To do:
Restate exactly, and only, the lines from the one with "Bộ sưu tập tấm ốp Nano Galawood Bộ" through the end of the data, with both of those end lines kept. Drop any pictures.

Information supplied:
++++++++

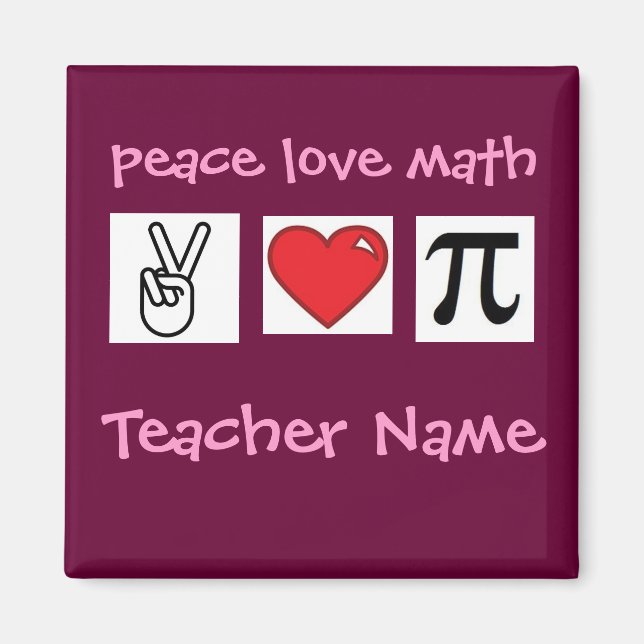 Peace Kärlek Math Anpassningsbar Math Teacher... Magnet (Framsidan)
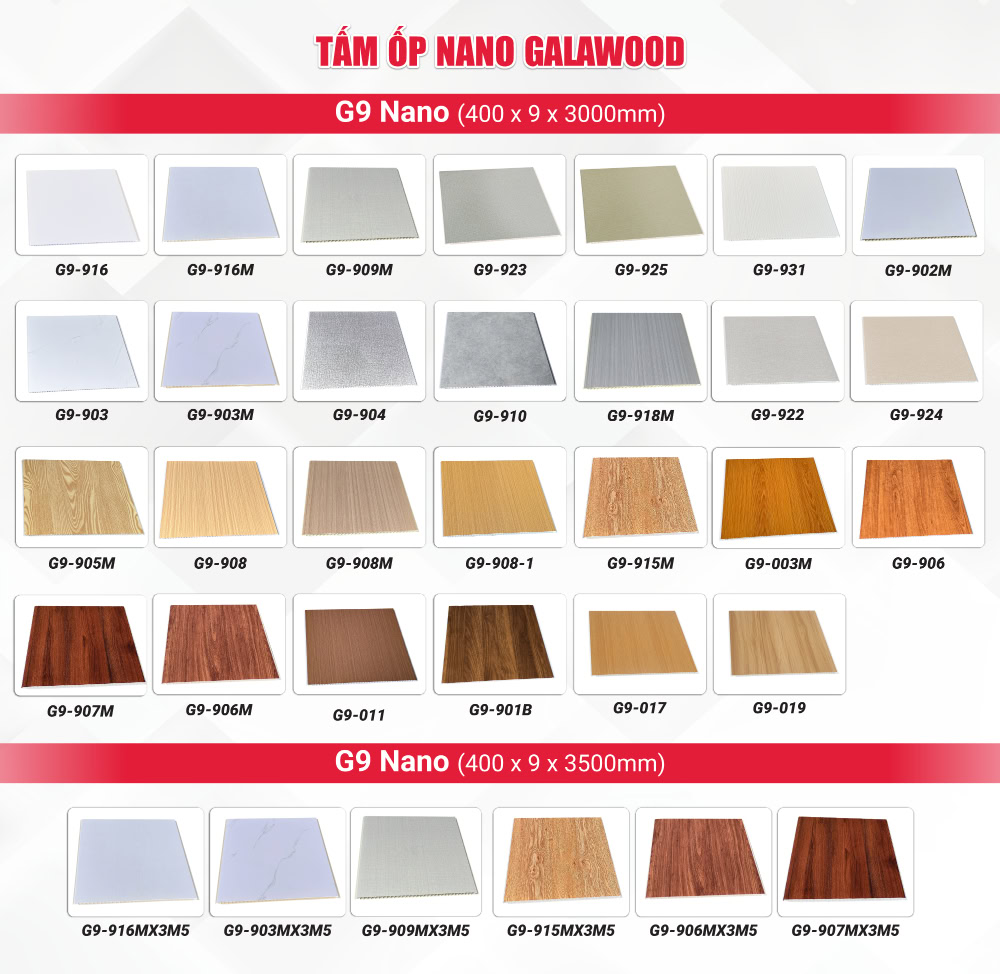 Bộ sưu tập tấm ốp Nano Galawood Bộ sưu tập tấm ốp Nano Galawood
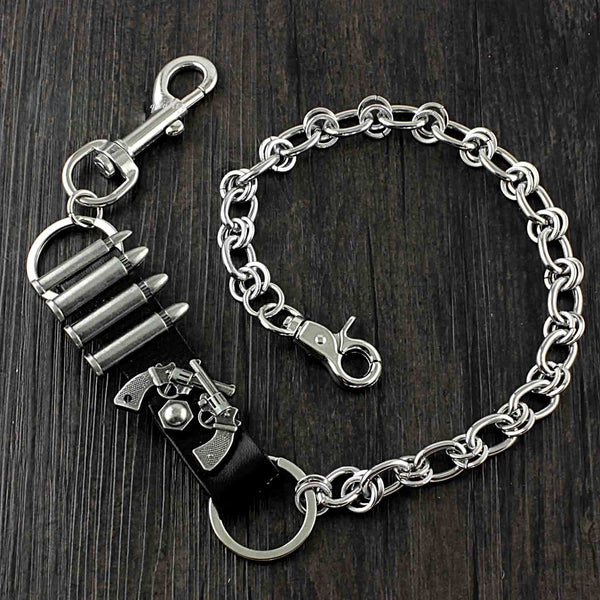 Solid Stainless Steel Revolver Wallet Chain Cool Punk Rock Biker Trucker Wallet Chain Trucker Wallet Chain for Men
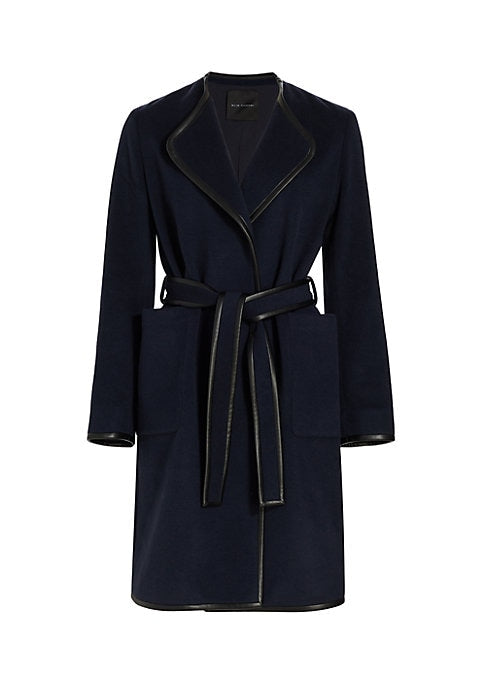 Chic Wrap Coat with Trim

++++++++

Answer to this problem:
 Bộ sưu tập tấm ốp Nano Galawood Bộ sưu tập tấm ốp Nano Galawood
 Solid Stainless Steel Revolver Wallet Chain Cool Punk Rock Biker Trucker Wallet Chain Trucker Wallet Chain for Men
 Chic Wrap Coat with Trim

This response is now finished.